Quantitative risk assessment (QRA) is among the tools more widely applied worldwide to provide quantitative information on the risk caused by conventional accidents in chemical and process plants (Center for Chemical Process Safety [CCPS], 2000; Mannan, 2005). QRA consists of a set of methodologies for estimating the risk posed by a given system in terms of human loss or, in some cases, economic loss (CCPS, 2000; Mannan, 2005; Uijt de Haag & Ale, 1999). The application of QRA to extended and complex industrial areas or to chemical clusters required the development of specific methodologies to account for issues as the distribution of population and the transportation of hazardous substances to and from the area of concern. These extensions of the QRA methodology were named “Quantitative Area Risk Assessment” or QARA in the literature (Antonioni, Spadoni, & Cozzani, 2009; Cozzani, Antonioni, & Spadoni, 2006; Cozzani, Bonvicini, Spadoni, & Zanelli, 2007; Cozzani, Gubinelli, Antonioni, Spadoni, & Zanelli, 2005; Egidi, Foraboschi, Spadoni, & Amendola, 1995; Spadoni, Contini, & Uguccioni, 2003; Spadoni, Egidi, & Contini, 2000).

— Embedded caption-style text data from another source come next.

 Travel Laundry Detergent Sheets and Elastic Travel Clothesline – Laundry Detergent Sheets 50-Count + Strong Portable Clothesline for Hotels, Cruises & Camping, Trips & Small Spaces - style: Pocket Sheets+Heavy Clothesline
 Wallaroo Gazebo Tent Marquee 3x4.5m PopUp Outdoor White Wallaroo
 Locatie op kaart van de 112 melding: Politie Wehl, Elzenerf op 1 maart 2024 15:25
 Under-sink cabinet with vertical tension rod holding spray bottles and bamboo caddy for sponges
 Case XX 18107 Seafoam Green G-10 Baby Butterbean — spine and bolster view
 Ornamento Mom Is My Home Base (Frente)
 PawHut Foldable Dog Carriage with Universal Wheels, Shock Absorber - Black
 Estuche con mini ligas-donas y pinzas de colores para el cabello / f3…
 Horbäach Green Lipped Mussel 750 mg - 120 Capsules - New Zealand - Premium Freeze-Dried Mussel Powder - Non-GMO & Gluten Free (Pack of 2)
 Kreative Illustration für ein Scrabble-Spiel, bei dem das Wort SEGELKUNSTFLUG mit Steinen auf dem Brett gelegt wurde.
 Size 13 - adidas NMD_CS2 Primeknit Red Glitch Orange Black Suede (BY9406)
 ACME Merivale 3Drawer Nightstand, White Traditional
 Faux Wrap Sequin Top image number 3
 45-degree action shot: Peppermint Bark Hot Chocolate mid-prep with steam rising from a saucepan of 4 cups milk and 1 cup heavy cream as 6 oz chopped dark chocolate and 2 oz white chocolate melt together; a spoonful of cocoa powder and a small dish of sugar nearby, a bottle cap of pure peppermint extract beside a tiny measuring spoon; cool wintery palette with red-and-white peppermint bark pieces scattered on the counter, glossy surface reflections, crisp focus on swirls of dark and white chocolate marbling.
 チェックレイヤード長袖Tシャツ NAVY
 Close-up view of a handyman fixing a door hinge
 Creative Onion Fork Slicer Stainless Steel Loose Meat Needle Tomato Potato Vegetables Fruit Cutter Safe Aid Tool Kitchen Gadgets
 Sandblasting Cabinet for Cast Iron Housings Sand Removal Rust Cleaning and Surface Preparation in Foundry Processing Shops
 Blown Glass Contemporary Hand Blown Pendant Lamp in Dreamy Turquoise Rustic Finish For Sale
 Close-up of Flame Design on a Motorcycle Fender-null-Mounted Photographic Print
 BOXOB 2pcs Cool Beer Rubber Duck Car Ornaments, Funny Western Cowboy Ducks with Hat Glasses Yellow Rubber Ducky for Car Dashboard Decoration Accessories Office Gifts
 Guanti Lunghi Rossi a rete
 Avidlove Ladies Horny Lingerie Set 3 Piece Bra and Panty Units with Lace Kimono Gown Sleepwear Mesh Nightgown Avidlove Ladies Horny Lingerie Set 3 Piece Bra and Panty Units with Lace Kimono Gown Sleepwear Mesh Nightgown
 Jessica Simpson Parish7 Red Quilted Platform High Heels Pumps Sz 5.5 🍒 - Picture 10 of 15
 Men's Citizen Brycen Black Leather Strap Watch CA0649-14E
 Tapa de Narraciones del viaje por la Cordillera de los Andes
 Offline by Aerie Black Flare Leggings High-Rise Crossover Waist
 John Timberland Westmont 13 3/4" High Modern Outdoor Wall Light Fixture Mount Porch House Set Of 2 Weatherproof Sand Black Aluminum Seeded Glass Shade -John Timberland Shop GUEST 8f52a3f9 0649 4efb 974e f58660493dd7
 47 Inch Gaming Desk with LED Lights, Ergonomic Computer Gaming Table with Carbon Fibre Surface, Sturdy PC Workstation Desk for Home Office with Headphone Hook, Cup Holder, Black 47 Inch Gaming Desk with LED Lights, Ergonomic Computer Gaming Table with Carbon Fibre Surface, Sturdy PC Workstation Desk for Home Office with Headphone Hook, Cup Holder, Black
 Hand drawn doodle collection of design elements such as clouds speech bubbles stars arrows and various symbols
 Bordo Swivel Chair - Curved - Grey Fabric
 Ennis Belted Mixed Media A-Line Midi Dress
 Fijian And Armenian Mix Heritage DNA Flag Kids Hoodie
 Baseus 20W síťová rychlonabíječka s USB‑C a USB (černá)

Two pilot studies may be recognized as the precursors of QARA: the integrated studies of Canvey Island (Health and Safety Executive [HSE], 1978, 1981) and of the Rijnmond area (Rijnmond Public Authority, 1982). In 1988 a project aiming at the quantitative analysis of risk in the Ravenna industrial area was started, named “Analisi dei Rischi Industriali e Portuali nell'Area di Ravenna” or ARIPAR project (Egidi et al., 1995). Within the ARIPAR project, a software allowing the quantitative calculation of individual and societal risk was developed. The Aripar software, developed by University of Bologna, EC Joint Research Centre and Snamprogetti was at the time the first dedicated software tool allowing the calculation of iso-risk and F–N plots for industrial areas, including hazardous materials transportation systems (Bellezza, Contini, Binda, & Spadoni, 1998; Spadoni et al., 2003).

Since then, the methodologies, the models and the software tools available for QRA and QARA where continuously improved (http://www.dnv.com/binaries/Safeti_1012_tcm4-76524.pdf; http://www.tno.nl/RISKCURVES; Godoy, Santa Cruz, & Scenna, 2007; Pasman & Reniers, 2013). Also in the framework of the application of the Seveso Directives (Directives 82/501/EEC, 96/82/EC, and 2012/18/EU), these techniques became a reference for decision making of operating companies and of public authorities. In particular the second Seveso Directive (96/82/EC), introducing specific requirements for land-use planning with respect to major accident hazard called for decision support methods often based on QARA in complex industrial areas: e.g. a number of QARA assessments were carried out in Italy to control and reduce the risk of extended industrial areas as those of Livorno and Piombino (Spagli, Ceccanti, & Mossa Verre, 2006; Uguccioni, Bellocchi, & Spadoni, 2006), Porto Marghera (Luria & Aspinall, 2003), Messina (Milazzo, Lisi, Maschio, Antonioni, & Spadoni, 2010; Morra, Lisi, Spadoni, & Maschio, 2009), Priolo-Melilli (Bartolozzi, Bajardi, Vasile, & Marino, 2010).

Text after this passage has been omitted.